What we seem to have here is evidence of a fundamental failure of the Web as an information-delivery service. Three things have happened, in a blink of history's eye: (1) a single medium, the Web, has come to dominate the storage and supply of information, (2) a single search engine, Google, has come to dominate the navigation of that medium, and (3) a single information source, Wikipedia, has come to dominate the results served up by that search engine.Please see also my Dec 2007 post, "One Wikipedia to rule them all", which cites a 2007 study that claims that Wikipedia is the first result on about 30% of web searches.
Even if you adore the Web, Google, and Wikipedia - and I admit there's much to adore - you have to wonder if the transformation of the Net from a radically heterogeneous information source to a radically homogeneous one is a good thing. Is culture best served by an information triumvirate?
It's hard to imagine that Wikipedia articles are actually the very best source of information for all of the many thousands of topics on which they now appear as the top Google search result.

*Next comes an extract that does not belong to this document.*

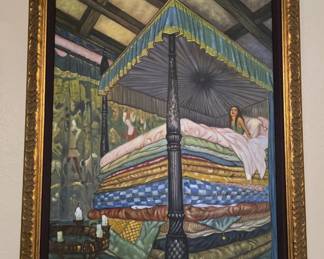 Framed "Princess and the Pea" painting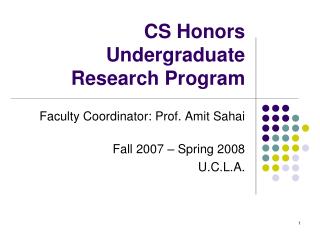 CS Honors Undergraduate Research Program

What's much more likely is that the Web, through its links, and Google, through its search algorithms, have inadvertently set into motion a very strong feedback loop that amplifies popularity and, in the end, leads us all, lemminglike, down the same well-trod path - the path of least resistance. You might call this the triumph of the wisdom of the crowd. I would suggest that it would be more accurately described as the triumph of the wisdom of the mob.